Groups such as the Lashkar have increasingly turned their guns away from India and Hindus to General Musharraf - and not just because of his policies on Jammu and Kashmir. In the January 2006 issue of the Lashkar magazine Voice of Islam, Makki charged General Musharraf with "inviting God's wrath" by repealing Pakistan's controversial Hudood laws, which prescribed among other things that rape victims' allegations must be supported by the testimony of male witnesses. He added that the Pakistan government was spreading "evil, obscenity and rebellion against Allah's way".
Saeed himself told a prayer congregation in Lahore in January that General Musharraf's policies would "advance vulgarity and lewdness in our society". In particular, the Lashkar's spiritual head singled out "the foolish and stupid encouragement of men and women to run together in marathon races, and efforts to give legal sanction to the killer sport of kite-flying". Islamists in Pakistan oppose kite-flying during Basant, a province-wide peasant festival in Punjab that the religious right claims has Hindu origins.
Despite its invective against General Musharraf, though, the Lashkar continues to operate with impunity in Pakistan. On January 3, for instance, Jamaat-ud-Dawa volunteers delivered meat from animals sacrificed during Eid to prisoners at Lahore's Central Jail and Camp Jail. Noting that many prisoners "had been locked up for petty crimes", a Jamaat press release stated that the organisation had "decided to pay the fines of these poor inmates so that they can go home and begin their lives anew and become productive citizens".

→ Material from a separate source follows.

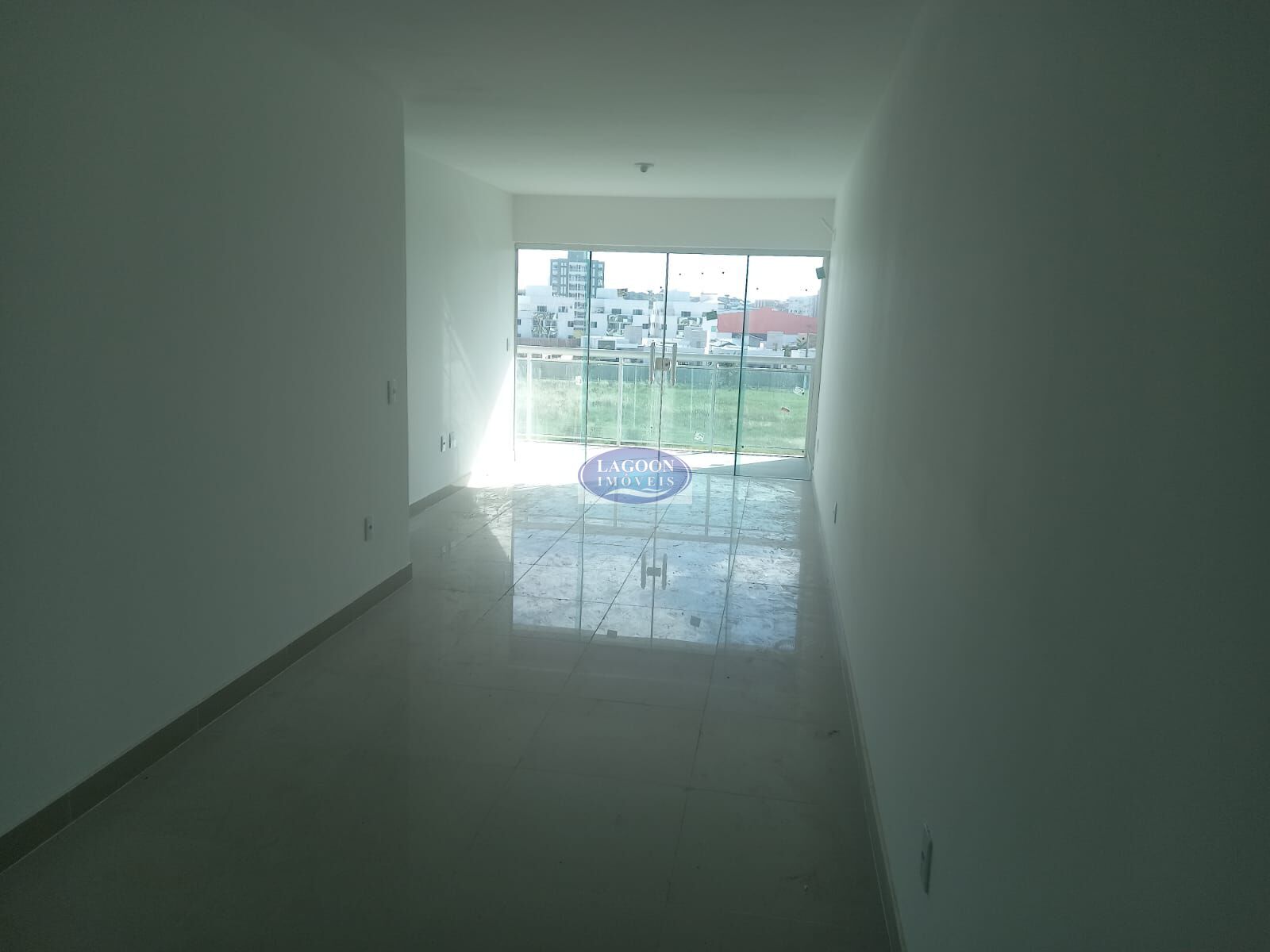 Apartamento à venda com 3 quartos, 96m² - Foto 2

For reasons that analysts are divided on, General Musharraf has proved either unwilling or unable to confront his Islamist opponents.
In recent hearings of the United States' House Armed Services Committee, Congressman Hank Johnson publicly aired what anyone following Pakistan's courageous journalists has long known - "that the Pakistani intelligence service continues to collaborate with the Taliban and other insurgent groups operating out of its border regions".
Pressure is mounting on the General to make his choice - and soon. Lieutenant-General Karl Eikenberry, who until recently led the United States forces in Afghanistan, has noted that cross-border Al Qaeda and Taliban attacks into Afghanistan have tripled since the September 2006 peace deal between Pakistan and Islamists. General Eikenberry called for "steady and direct" attacks on terror camps in Pakistan - a phrase some have interpreted as a threat of war.
South Asia's rulers - witness the experience of Prime Minister Indira Gandhi in Punjab - have shown a remarkable unwillingness to understand that rearing tigers in one's backyard is a perilous hobby. Pakistan is learning the same lessons - and the time has come to make hard choices.
Soon, General Musharraf's regime must decide whether it wishes to act against the sponsors of the Samjhauta Express bombings - or retreat, as it has done in the past, into vague name-calling directed at India. Either way, the choice will prove fateful.